I currently have all my music on a 300 gb external hard drive which is plugged in to my computer. It's quite old now (at least 10 years old) and I occasionally think about backing it up. If I just got a replacement hard drive (they seem to be around £25) backed it up on to that and then just kept it in a drawer somewhere, does that sound like the best thing to do? Not really up on these kind of things.

QDRPHNC


Ferris

Yup same here.

If you have an old laptop, you can take the hard drive out of that and pop it in one of these handy case things that turns it into a USB hard drive:



It's not that complicated (I managed it with my knackered Acer notebook and I'm a simpleton) plus saves a few quid.

Spudgun

Yes, storage is surprisingly inexpensive per terabyte these days, and what you suggest is exactly what I'd do.

Quote from: holyzombiejesus on January 06, 2023, 09:35:31 AMIf I just got a replacement hard drive (they seem to be around £25) backed it up on to that and then just kept it in a drawer somewhere, does that sound like the best thing to do? Not really up on these kind of things.

Not sure which way round you mean that, but I'd be 'retiring' the old one to the drawer and keeping your new one plugged in. That's probably what you were saying.

holyzombiejesus

Quote from: Spudgun on January 06, 2023, 11:05:02 PMNot sure which way round you mean that, but I'd be 'retiring' the old one to the drawer and keeping your new one plugged in. That's probably what you were saying.

Was going to keep the old one running until it bites the dust and then - ta daaaa! - put the new one in place. Thought that if the old one is on the way out then it might not be best to use a back-up.

El Unicornio, mang

Quote from: Spudgun on January 06, 2023, 11:05:02 PMYes, storage is surprisingly inexpensive per terabyte these days, and what you suggest is exactly what I'd do.


for regular hard drives, yep. Got a Seagate BarraCuda 4TB for £80 new recently. Perfect for storing all the films and games I'm probably never going to watch/play again

I mostly use SSDs these days though and although the super fast speed is nice they're also 5x more expensive

Malcy

Quote from: holyzombiejesus on January 09, 2023, 03:52:41 PMWas going to keep the old one running until it bites the dust and then - ta daaaa! - put the new one in place. Thought that if the old one is on the way out then it might not be best to use a back-up.

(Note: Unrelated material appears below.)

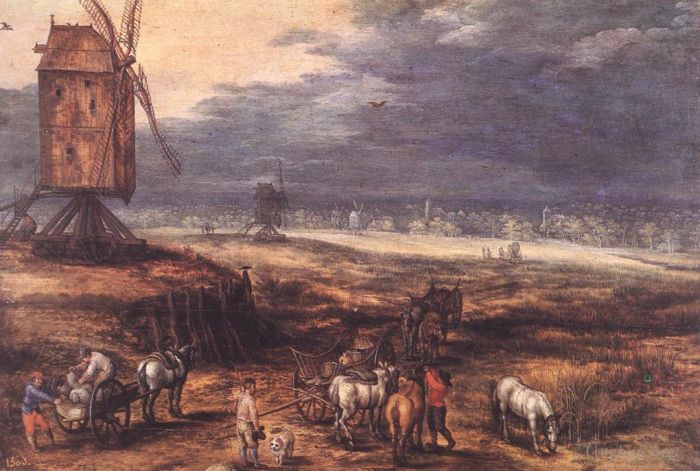 老扬·勃鲁盖尔 的油画作品 -  《风景与风车》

I have a few externals and recently did the same. Backed up all my music on to it, and moved stuff over from other drives to make some space and it failed a few weeks later! It still shows the files but accessing them is hit and miss. I really need to get a big massive one that will hold everything.

touchingcloth

I got lucky a few months ago when a drive with over 1TB of stuff on it failed partially so that it became read-only.

I make monthly backups to a 4TB drive now, which doesn't take long once you've done the initial seeding backup.

I'm going to wait for the old drive to fail or fill up, then switch the backup to be the primary and get a new backup drive.

Retinend

I dropped my 12TB HDD mains-powered Seagate drive before Christmas. From a tug on the cable it fell all of 10 cm to the floor. Then it wouldn't boot.

I took it to an expert on recovering data and he couldn't do a thing. He suggested sending it to The Netherlands to Seagate Headquarters because "something in the firmware is broken". He had never seen anything like it.

Luckily I had backed up the terabytes of data onto an identical drive 6 months earlier. I am proud of myself for my foresight because if I hadn't backed my shit up, I would have had suffered a real lack.

I am going to buy a HDD to replace the one I lost, but it's only because SSD is still too expensive to be an option at the 12TB mark. I don't think they even make 12TB SSDs?

Solid state drives are the future though. They are far more robust. And that really matters.

My biggest SSD is a very reliable, very safe "passport" drive that I can take around with me while I travel and can take whole high-definition video editing projects around with me, or play Steam games from it. 4TB is enough for such a secondary external drive.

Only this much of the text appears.